WO2009047106A1

WO2009047106A1 - Hair conditioner comprising polyolefin particles and a silicone

Info

Publication number: WO2009047106A1
Application number: PCT/EP2008/062607
Authority: WO
Inventors: Timothy John Madden; Andrew Malcolm Murray; Angela Barbara Thomas
Original assignee: Unilever Plc; Unilever N.V.; Hindustan Unilever Limited
Priority date: 2007-10-11
Filing date: 2008-09-22
Publication date: 2009-04-16
Also published as: AR068777A1; WO2009047106A8; TW200932280A

Abstract

Conditioning shampoo composition comprising from 0.5% wt. silicone having a molecular weight of from 600 000 cps to 3 000 000 and polyolefin particles.

Description

HAIR CONDITIONER COMPRISING POLYOLEFIN PARTICLES AND A SILICONE

The present invention relates to a conditioning shampoo composition. The invention also relates to the use of such a composition for conditioning hair.

Conditioning shampoo compositions are well known. They impart a conditioning effect through the deposition of a conditioning agent on to the hair surface.

However, not enough deposition leads to poor conditioning yet too much deposition leads to sensorial negatives which are unattractive to the consumer. These negatives include clumping and loss of clean feel.

On the other hand the conditioning effect of silicone has a limited duration due to wear of the silicone film on the hair .

Accordingly, from a consumer's perspective it is not possible to make the conditioning effect of silicone last longer by applying more material to the hair because this will lead to the sensorial negatives.

The present invention provides a conditioning shampoo composition comprising from 0.5% wt . silicone having a viscosity of from 600 000 cst to 3 000 000 and polyolefin particles .
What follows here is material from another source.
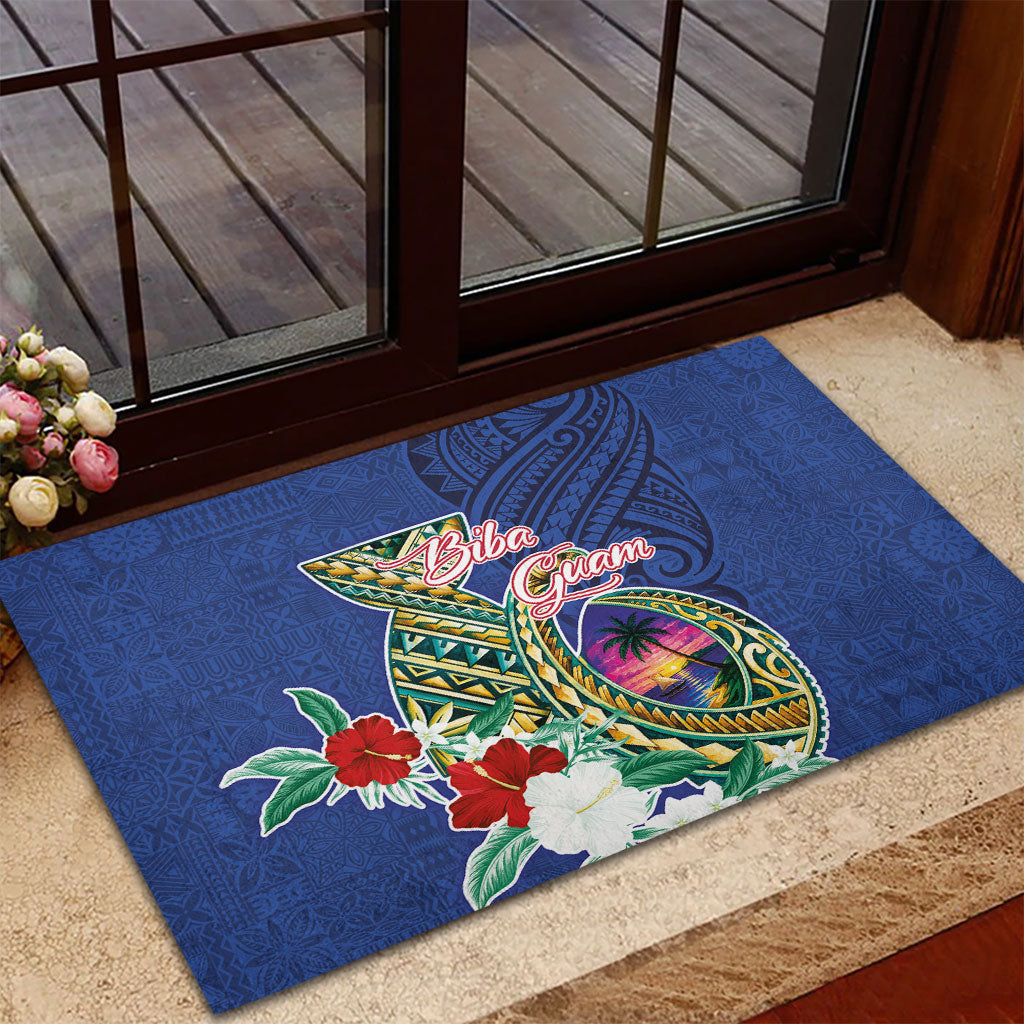 Guam Chamorro Rubber Doormat Tribal Latte Stone and Seal Artwork Polynesian Patterns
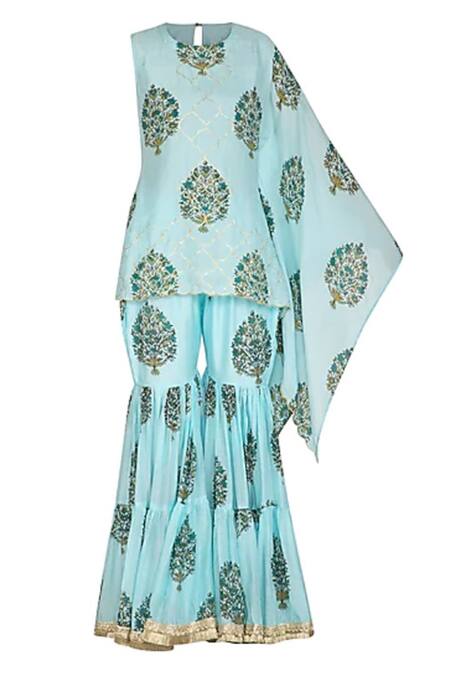 Yuvraani Jaipur Blue Muslin, Shantoon Round Draped Tunic And Sharara Set Online at Aza Fashions Yuvraani Jaipur_Blue Muslin, Shantoon Round Draped Tunic And Sharara Set _Online_at_Aza_Fashions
We have surprisingly found that polyolefin particles improve the overall conditioning duration of the high molecular weight silicone without reducing the overall conditioning effect. The effect is not seen with lower molecular weight silicones .

The silicone is present at from 0.5% wt . This is the minimum needed in order to obtain a reasonable conditioning benefit.
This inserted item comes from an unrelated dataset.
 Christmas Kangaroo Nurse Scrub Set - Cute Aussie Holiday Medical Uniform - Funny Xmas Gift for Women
The polyolefin may be any polyolefin which is capable of being processed into or manufactured as small particles. It can be straight chain or branched, substituted or unsubstituted.

Preferred polyolefins include polyethylene and polypropylene. Most preferably, the polyolefin is polyethylene.
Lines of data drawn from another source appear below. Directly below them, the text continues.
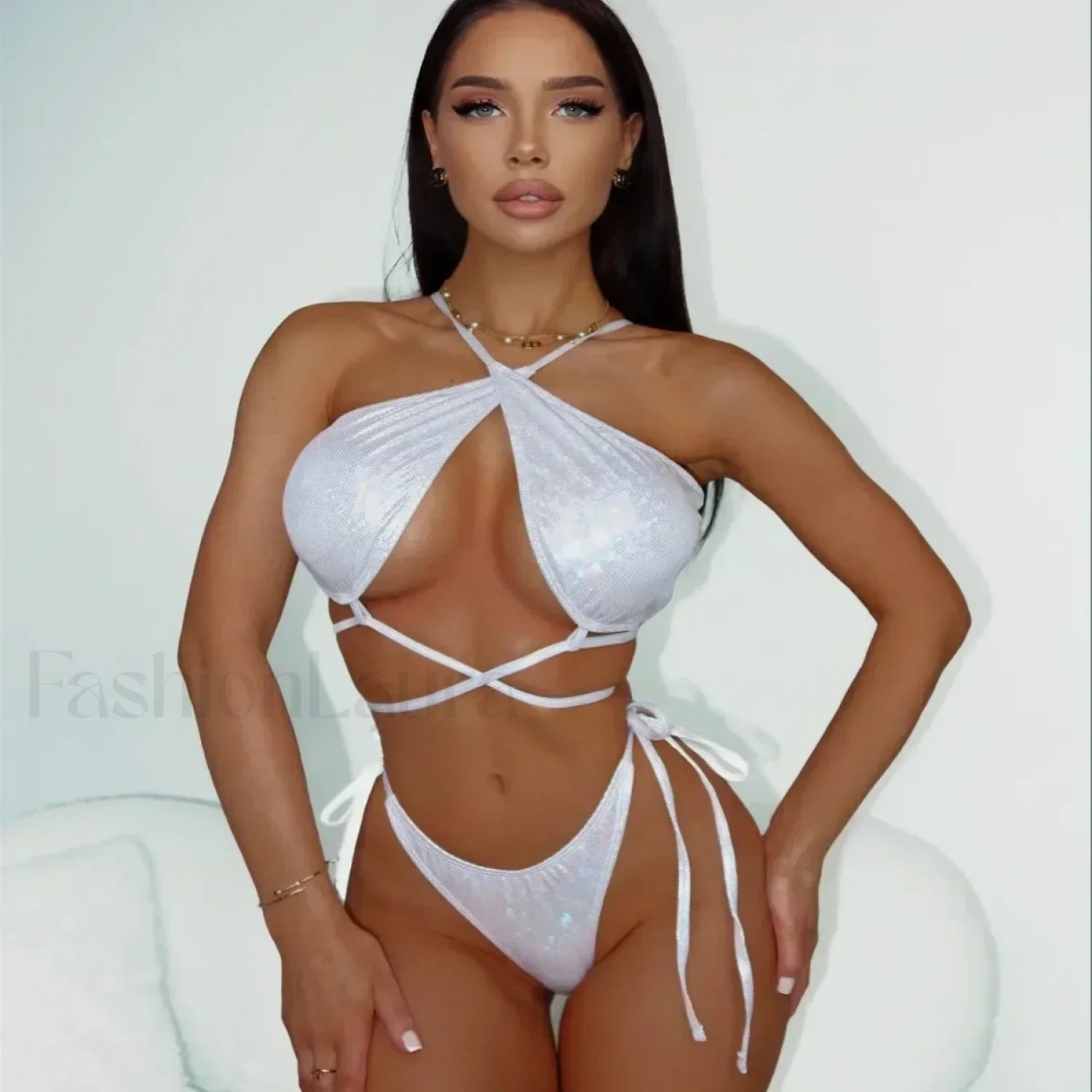 Lace Backless Split Sexy Bikini Set Secondary image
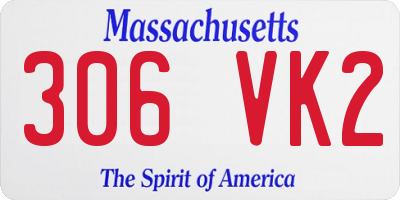 MA license plate 306VK2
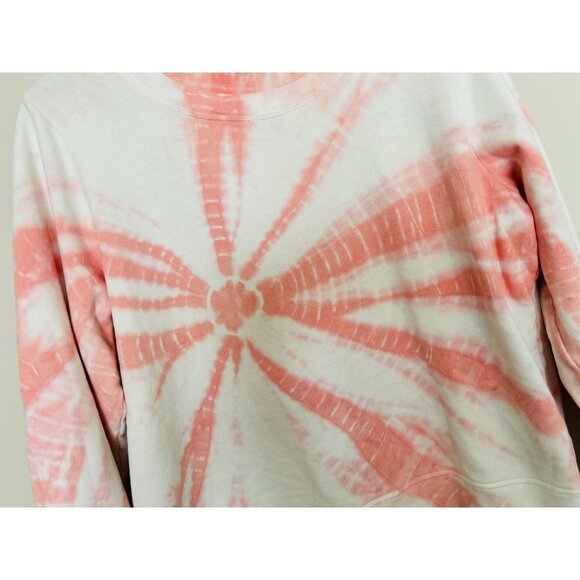 J.CREW Sweatshirt Pink White Tie Dye CrewNeck Cotton Pullover Size Large - Picture 4 of 8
Preferably, the particles are present at from 0.1 to 10% wt., preferably from 1 to 5% wt . and most preferably from 1.5 to 2.5% wt. of the composition. The level of polyolefin particle is tailored to provide the best enhancement of the conditioning effect of the silicone.

Preferably, the particles have a mean average particle size of from 1 to 10 μm, preferably from 1.5 to 6 μm and most preferably from 3 to 5 μm.

Preferred particles are the spherical particles such as those sold under the Micropoly® brand commercially available from Micro Powders Inc. The composition according to the invention comprises a high molecular weight silicone.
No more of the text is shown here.